Обольщения были серьезные – поездка в Москву, серьезные виды на меня у Чупринина, который стал первым замом в «Знамени». И почти тут же – лестное предложение связаться с отделом критики в «Новом мире». <…> И кое-какие мелкие обольщения – «Волга», ЛГ, ЛО. Всё это надо оправдывать – то есть писать. А написано за это лето мало. 5 страниц – статья об Огурцове в «РК», 4 страницы – «эссе» «О вреде литературы» в «Накануне», 10 страниц – рецензия на «Пир в одиночку» Р. Киреева в «ЛО». И послал в «Волгу» зимнюю еще статью о «Черных камнях», чуть-чуть её переделав. Словом, меньше листа. В планах – статья об отношении писателя к читателю (о чувстве читателя) для «Знамени», статья о Маканине и «Межиров-Самойлов» – для «Лит. обозрения». Чуть более отдаленное – предисловие к избр. тому Горького для изд-ва «Худ. литература» и две главы в сборнике документов о литературных кризисах нашей эпохи (1946-й и «космополиты») – это тоже предложение Чупринина. Нужно как-то внутренне успокоиться и заняться работой, прервав музыкально-созерцательный период. Он подзатянулся, пожалуй. В Москве записал 12 первоклассных пластинок в диапазоне от Doors до Black Sabbath, и всю неделю слушал. Еще московская радость – купил книгу Апта о Томасе Манне в ЖЗЛ. Книга описательная, но о Томасе Манне я готов читать всё что угодно. Его пафос всё более родной, всё более мой. Чуть-чуть не купил в Москве же «Иосифа» (по договорной цене 50 р., еще первое издание). Но эти 50 пришлось потратить более «морально» – на сапоги Сережке. Нищета угнетает особенно сильно именно в богатых московских книжных магазинах. Это, кстати, один из боковых, но не слабых импульсов к работе.

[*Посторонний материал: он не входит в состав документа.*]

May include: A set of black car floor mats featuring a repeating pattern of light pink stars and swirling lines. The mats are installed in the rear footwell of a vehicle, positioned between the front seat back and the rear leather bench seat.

Какие-то отрывочные мысли о прозе. Даже с практическим прицелом на Чупринина. Но мне 33. Всё, что я нажил из духовного багажа, – кое-какой ум, способный анализировать, раскладывать, комбинировать известное, но совершенно не могущий создавать еще не бывшее. Наверное, я буду пробовать, буду трепыхаться, но заранее с тревогой невоплощения. Это как покупаешь лотерейный билет, когда не просто хочется, а надо выиграть – при абсолютном сознании безнадежности и нелепости действия. И никто не поможет в этом труде – увы. Вот уж это-то к 33 обозначилось отчетливо. Напротив – всё будет мешать. И сам себе главным образом. Надо попробовать наладить какой-то трудовой, ритмичный быт. Прецеденты ведь были – конец 84-го, когда за четыре месяца написал 200 страниц не такой уж плохой диссертации, и январь этого года – не самая плохая у меня статья о Барковой. Правда, всё это – холодный вариант. Стоический, с преодолением чего-то вовсе не лишнего в себе самом. Проза в самом деле сурова. В характере же много мягкого, женственного.

31.08.89


***

Вчера плохо прочитал свою первую лекцию, хотя ночь перед ней не спал, не столько готовясь, сколько томясь. Следующую ночь переписывал вторую лекцию, читал её более собранно, от этого на душе легче и проспал потому полдня. Беспорядочное чтение журналов (вчера пришли ДН и Зн (Дружба народов и Знамя. – Прим. ред.), главным образом рабочих тетрадей Твардовского. Замечательная статья Гозмана и Эткинда в 7 № «Невы» – ясно расположенные и додуманные до конца мои догадки. Люся уходила на день рождения к подруге, вернулась поздно, я начинал волноваться. Книга Борхеса, которую Л. привезла (прислали в посылке). Томление от латиноамериканской литературы – не могу читать. Читать книги вообще отвык.

<…>

2.09.89


***

<…>

В городе – чудовищный по пошлости и провинциальности «День семьи». На пл. Ленина с помоста какая-то толстуха в малиновом (портьерном) сарафане поет под баян «народные» песни, человек 50 слушают. На «Современнике» лозунг: «Сильна семья – сильна держава». Кислая вонь официального («сделайте как-нибудь потеплее, чтобы без казенности» – сказал, небось, какой-нибудь секретарь райкома) мероприятия.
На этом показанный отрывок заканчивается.